Amber Talks Feeling 'Lost at Sea,' the 'White Noise' of Her Career, Importance of Language & #MeToo
Back in 2009, Amber Liu arrived on the K-pop scene as one-fifth of girl group f(x). A tomboyish rapper, the California-born star spent the next decade exploring her artistry both in and outside of the South Korean music scene. While the experimental pop team hasn’t released any new music together since 2016, each of the members has pursued a solo career, and Amber has come into her own as a Transpacific singer-songwriter based out of both Seoul and Los Angeles.
Earlier this year, she signed with Stateside representation and released her Rogue Rouge mixtape, and now she’s embarking on her upcoming Gone Rogue tour in December. But before touring, she first had to release two intensely intimate songs.
Out on Thursday, Amber’s “White Noise” and “Lost at Sea” were written a few years ago and reflect on the hardships of both the star’s personal and professional lives through a mellow brand of emotive EDM. Billboard went through the new songs with Amber just ahead of their release and discussed their inspirations, the importance of her friends and family, #MeToo, and her evolving artistry.
“White Noise” and “Lost at Sea” have two different ideas behind them. Why did you decide to release them as a paired set?

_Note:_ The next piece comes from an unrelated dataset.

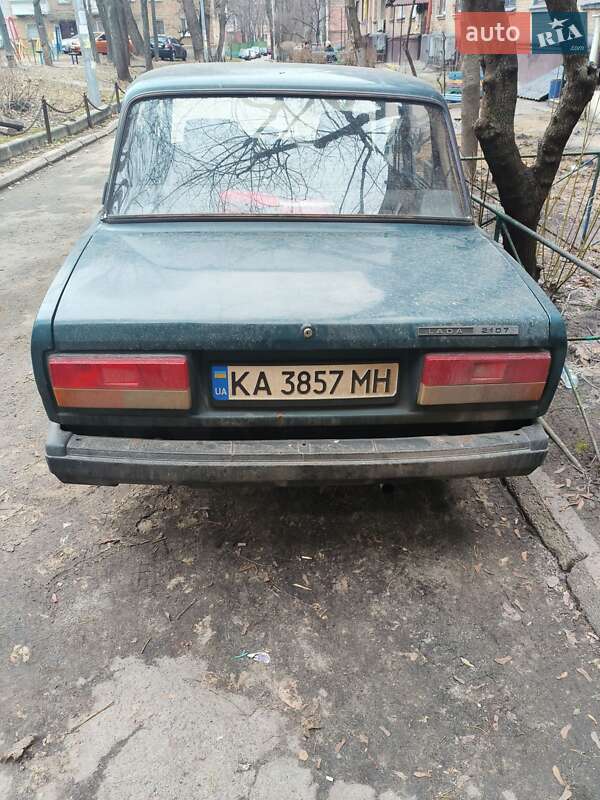 ВАЗ / Lada 2107 2003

The producers on the tracks, Darren [Smith] and Sean [Alexander], I’ve been working with them for many years now and I think this was around that era of me trying to just try new things. And they were very, very supportive of doing that. I just thought that the EDM-inspired elements definitely sound-wise paired really well. But also it’s the progression of my story, I guess. I wrote both songs at similar times, so I thought this is the next step of the story that I want to show to people.
What is that story of Amber that you want to be telling people right now?
I guess my whole thing at the moment is just “evolution.” If I could just put it into one word. It’s about my journey of the past 10 years that I’ve been doing this for. I think there’s a side that I really want to show to the fans that kind of just shows me growing up a little bit. Or a lot. I don’t know. I don’t want to force anybody, like “I’M GROWN UP!” I think that definitely as I’ve gotten older my perspective changes. My love of music has definitely not changed, my love of the arts has definitely not changed. I guess I’m not the 15-year-old Amber I was 10, well now 11, years ago. I do my taxes. I do my own bookkeeping. I pay rent.
Your latest releases have come very far from your earliest sound in f(x), where you started out as a rapper. It really has been, as you say, an evolution. So what part of that growth inspired “White Noise”?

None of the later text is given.